Records to process
------------------------------------------------------------
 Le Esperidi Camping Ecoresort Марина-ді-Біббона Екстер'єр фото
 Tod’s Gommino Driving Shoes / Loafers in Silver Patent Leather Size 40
------------------------------------------------------------
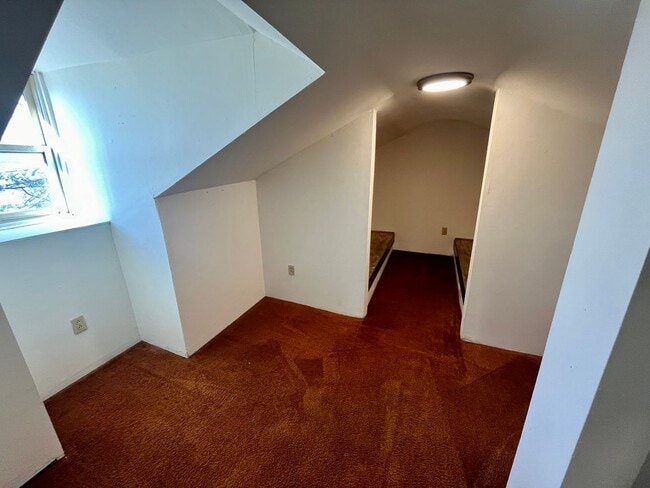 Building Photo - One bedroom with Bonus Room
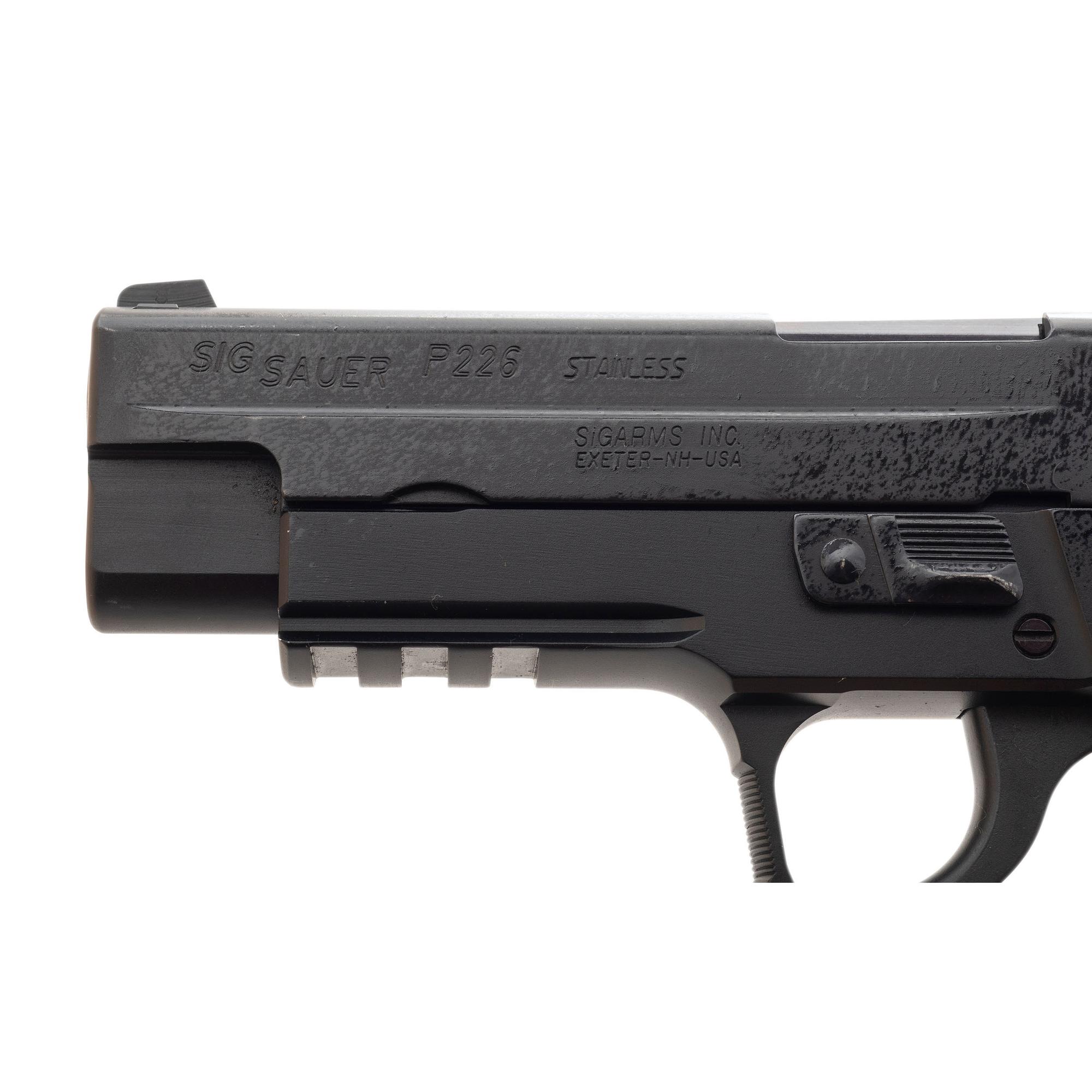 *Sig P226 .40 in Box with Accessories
------------------------------------------------------------
Assignment
In the listing above, find the line with "Building Photo - One bedroom with Bonus Room" and the line with "Box with Accessories". Copy both of them and every line between, exactly, but not the pictures.

Solved problem
 Building Photo - One bedroom with Bonus Room
 *Sig P226 .40 in Box with Accessories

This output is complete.